At the same time, when viewed from the perspective of 20 more years of Gorillaz material, so much of the self-titled album is not as radically different from Albarn’s then-recent work in Blur as it felt at the time. “Re-Hash” and “5/4” and “M1A1” are all not too far removed from the Britpop idiom, if just a bit rougher around the edges. Albarn himself has since noted the overlap, calling Blur’s “On Your Own” one of the first Gorillaz songs; other tracks from the era, like “Music Is My Radar,” also foreshadowed Albarn’s forthcoming new gig. As much as Gorillaz overflowed with ideas, it had the same strung-out, druggy mood of Blur and 13. When Albarn was in this zone, it resulted in some of his best material, like the hazy dream of “Slow Country.” And right near the beginning of the project there was “Tomorrow Comes Today,” as immaculate a downer pop song as Albarn has ever written. As the late-2000 precursor to Gorillaz it greeted the new millennium with a melancholic city drift.

You can imagine how liberating all of this must’ve felt for Albarn, and not just for the solo-ish album idea dump or stylistic sprawl. Stepping away from Blur wasn’t just about Albarn being able to exercise different creative energies outside of a band context, but also about fully divesting from Britpop in a way Blur and 13 had wrestled with as the ‘90s came to a close. When I interviewed Albarn before Humanz came out in 2017, he remarked on how Blur was his British band and Gorillaz, a one-time side project, was more his American band. In terms of scope, that’s entirely accurate: Gorillaz were far bigger here than Blur ever were. Of course people would’ve raised eyebrows at one of the foremost Britpop frontmen — an avatar for a deeply white genre — trying his hand at an array of Black traditions from across the world. Of course people would’ve initially dismissed Albarn’s new cartoon band as a gimmick until he got on to the real business of Blur’s future. But two decades later, Gorillaz is as much Albarn’s legacy as Blur — and, in some ways, more so.

One way “Clint Eastwood” and the surrounding album worked as a Trojan Horse is how Albarn ferried his work into the unsuspecting ears of a new generation of fans. But the other is also how Gorillaz became liberating not just for Albarn himself, but for the kids who found them back then. Through Gorillaz, young indie or rock listeners might find their way to all kinds of other avenues in the music world. They’d hear styles and histories collide across eras and continents, and could choose to follow those threads over to Afrobeat, or grime, or dub, or who knows what else.

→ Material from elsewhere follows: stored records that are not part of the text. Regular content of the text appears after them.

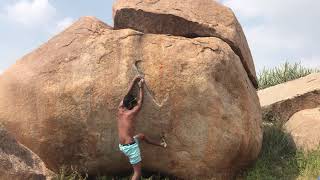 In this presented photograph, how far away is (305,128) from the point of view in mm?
10133

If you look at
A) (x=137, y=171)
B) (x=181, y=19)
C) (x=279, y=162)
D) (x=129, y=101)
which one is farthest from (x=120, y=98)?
(x=279, y=162)

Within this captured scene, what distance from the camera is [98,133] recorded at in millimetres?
7957

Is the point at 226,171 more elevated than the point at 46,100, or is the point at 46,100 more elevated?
the point at 46,100

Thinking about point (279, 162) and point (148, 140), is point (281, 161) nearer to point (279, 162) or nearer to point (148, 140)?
point (279, 162)

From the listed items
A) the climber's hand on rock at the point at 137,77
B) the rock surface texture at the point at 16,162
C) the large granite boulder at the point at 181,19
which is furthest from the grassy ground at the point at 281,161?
the rock surface texture at the point at 16,162

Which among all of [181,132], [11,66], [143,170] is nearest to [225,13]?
[181,132]

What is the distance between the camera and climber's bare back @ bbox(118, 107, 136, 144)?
25.0 feet

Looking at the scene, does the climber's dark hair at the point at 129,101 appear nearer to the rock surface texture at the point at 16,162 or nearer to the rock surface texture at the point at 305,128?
the rock surface texture at the point at 16,162

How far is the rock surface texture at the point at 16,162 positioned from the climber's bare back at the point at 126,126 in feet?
4.38

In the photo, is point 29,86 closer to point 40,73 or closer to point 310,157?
point 40,73

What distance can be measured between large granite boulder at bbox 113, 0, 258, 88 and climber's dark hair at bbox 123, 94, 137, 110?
1.70 meters

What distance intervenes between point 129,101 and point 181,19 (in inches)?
77.3

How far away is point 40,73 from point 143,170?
2283 millimetres

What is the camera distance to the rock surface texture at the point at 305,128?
32.0 ft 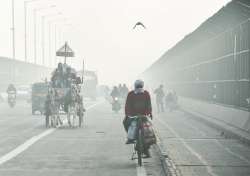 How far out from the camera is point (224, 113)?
29969 mm

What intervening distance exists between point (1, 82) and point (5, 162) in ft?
205

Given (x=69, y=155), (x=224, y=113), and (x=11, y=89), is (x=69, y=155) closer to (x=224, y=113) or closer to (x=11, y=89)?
(x=224, y=113)

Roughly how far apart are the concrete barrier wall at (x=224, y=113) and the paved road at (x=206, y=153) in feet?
2.49

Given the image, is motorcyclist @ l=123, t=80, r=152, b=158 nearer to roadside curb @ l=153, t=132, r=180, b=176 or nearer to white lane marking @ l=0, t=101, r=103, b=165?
roadside curb @ l=153, t=132, r=180, b=176

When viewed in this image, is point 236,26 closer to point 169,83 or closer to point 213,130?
point 213,130

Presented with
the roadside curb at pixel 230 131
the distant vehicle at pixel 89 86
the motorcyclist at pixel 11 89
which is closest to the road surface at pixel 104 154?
the roadside curb at pixel 230 131

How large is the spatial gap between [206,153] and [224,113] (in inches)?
456

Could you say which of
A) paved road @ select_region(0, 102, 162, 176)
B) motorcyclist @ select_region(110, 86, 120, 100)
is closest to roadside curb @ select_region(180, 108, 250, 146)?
paved road @ select_region(0, 102, 162, 176)

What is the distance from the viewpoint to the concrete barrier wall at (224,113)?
25.0 meters

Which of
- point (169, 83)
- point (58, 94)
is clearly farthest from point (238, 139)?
point (169, 83)

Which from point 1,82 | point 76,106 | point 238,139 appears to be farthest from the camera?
point 1,82

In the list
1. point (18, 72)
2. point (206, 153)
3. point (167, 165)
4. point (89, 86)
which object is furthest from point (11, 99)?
point (167, 165)

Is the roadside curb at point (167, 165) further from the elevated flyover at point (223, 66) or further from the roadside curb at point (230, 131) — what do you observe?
the elevated flyover at point (223, 66)

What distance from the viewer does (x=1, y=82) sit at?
7756 cm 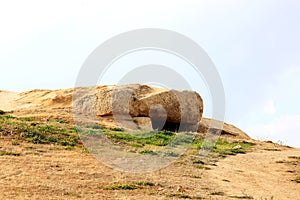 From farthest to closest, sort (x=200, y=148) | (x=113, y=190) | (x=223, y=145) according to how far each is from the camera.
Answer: (x=223, y=145), (x=200, y=148), (x=113, y=190)

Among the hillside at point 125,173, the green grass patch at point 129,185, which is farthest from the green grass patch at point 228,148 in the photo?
the green grass patch at point 129,185

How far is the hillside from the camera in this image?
32.9ft

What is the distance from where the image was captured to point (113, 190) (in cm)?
1021

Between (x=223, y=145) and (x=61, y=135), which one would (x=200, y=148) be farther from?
(x=61, y=135)

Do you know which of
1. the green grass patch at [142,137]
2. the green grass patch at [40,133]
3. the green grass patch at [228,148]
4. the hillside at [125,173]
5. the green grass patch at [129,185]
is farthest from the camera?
the green grass patch at [228,148]

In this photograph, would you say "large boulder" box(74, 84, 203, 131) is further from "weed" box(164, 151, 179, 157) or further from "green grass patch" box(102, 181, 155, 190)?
"green grass patch" box(102, 181, 155, 190)

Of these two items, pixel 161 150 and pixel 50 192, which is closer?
pixel 50 192

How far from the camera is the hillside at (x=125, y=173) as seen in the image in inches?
394

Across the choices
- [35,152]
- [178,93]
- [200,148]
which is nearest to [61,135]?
[35,152]

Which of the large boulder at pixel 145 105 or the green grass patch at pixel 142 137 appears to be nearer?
the green grass patch at pixel 142 137

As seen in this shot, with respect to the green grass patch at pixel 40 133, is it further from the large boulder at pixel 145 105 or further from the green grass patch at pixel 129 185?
the large boulder at pixel 145 105

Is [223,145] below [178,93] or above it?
below

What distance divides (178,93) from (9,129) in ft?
45.4

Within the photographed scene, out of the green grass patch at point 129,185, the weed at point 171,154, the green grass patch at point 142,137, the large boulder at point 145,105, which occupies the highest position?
the large boulder at point 145,105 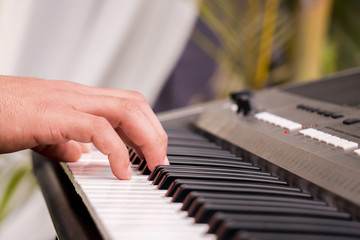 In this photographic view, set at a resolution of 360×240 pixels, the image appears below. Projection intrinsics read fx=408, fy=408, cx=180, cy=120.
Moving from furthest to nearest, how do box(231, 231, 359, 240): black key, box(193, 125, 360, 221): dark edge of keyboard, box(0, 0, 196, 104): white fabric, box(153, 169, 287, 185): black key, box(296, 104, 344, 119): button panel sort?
box(0, 0, 196, 104): white fabric < box(296, 104, 344, 119): button panel < box(153, 169, 287, 185): black key < box(193, 125, 360, 221): dark edge of keyboard < box(231, 231, 359, 240): black key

In Blur, Albarn was at the forefront of one of the last great moments when guitar music was truly pop music. In Gorillaz, he was omnivorous, wanting to try everything and linking up with multi-generational musicians who could bring their own voice, presence, and traditions into Gorillaz. Albarn tapped into something that would only develop further over the ensuing decades. Even if Gorillaz was still the work of a white rock musician, it primed its listeners for a more open-minded approach to music. Before the circumstances and accessibility of the digital age made a genre-agnostic free-for-all something we now almost take for granted, albums like Gorillaz were a precursor to a hungrier, more curious approach to pop music.

Of course, that’s what Gorillaz would grow into, not what it was at the very beginning. It took five years — and Blur’s battered erstwhile postscript Think Tank — before Albarn and Hewlett reemerged with Demon Days. Then Gorillaz blossomed, giving Albarn a space for concept albums that had guest rosters that were getting longer and more impressive and more seamlessly woven into the music and the albums’ narratives alike. This is also the conflict at the core of Gorillaz’ identity. It’s something of a utopian vision, but especially in the Gorillaz’ second act, sometimes the parties get over-crowded — as in Humanz feeling a bit all over the place even in comparison to the sprawling Plastic Beach, or the fact that Song Machine flits between truly inspired collaborations and songs that feel half-baked.

For every lightning-in-a-bottle moment like “Feel Good, Inc.,” Albarn’s still often at his best when he’s using this vehicle for whatever kind of songwriting he happens to be interested in for his own voice at a given moment — think synth-pop gems like “On Melancholy Hill” or “Tranz” or last year’s “Aries.” While it can be tempting to regard Gorillaz as a prologue compared to what the project evolved into, there’s a certain charm to going back and getting more of that pure Albarn restlessness and pop acumen mingling on the self-titled — a moment where his vision was broadening but he still had to work within certain confines, one that yielded at least a few songs that would help define his career.

Gorillaz is not a warm-up or a rough draft, though. The album was a huge success in its own right, as was “Clint Eastwood.” By the late ’90s, Britpop was over, collapsed into a transitional era for UK rock music. Most of Albarn’s peers fell off, or abandoned it entirely. But nobody played it like him, following a tangent that soon broadened his worldview well past the coast of England. Albarn called Gorillaz his American project. But over the years, it became his global project, a space for all kinds of music and artists that scanned as “pop” around the world but had been left out of the mainstream conversation in America and England. This was also when a homeland superstar wandered off to find what else was out there, and wound up carving out his own iconic position in the whole of pop history. Twenty years ago, Gorillaz started teaching us a lot with their cartoons. But perhaps the most enduring lesson from Albarn and Hewlett is an eternal reflection on transforming yourself through art: If you look around and can’t find the world you want, just make it up.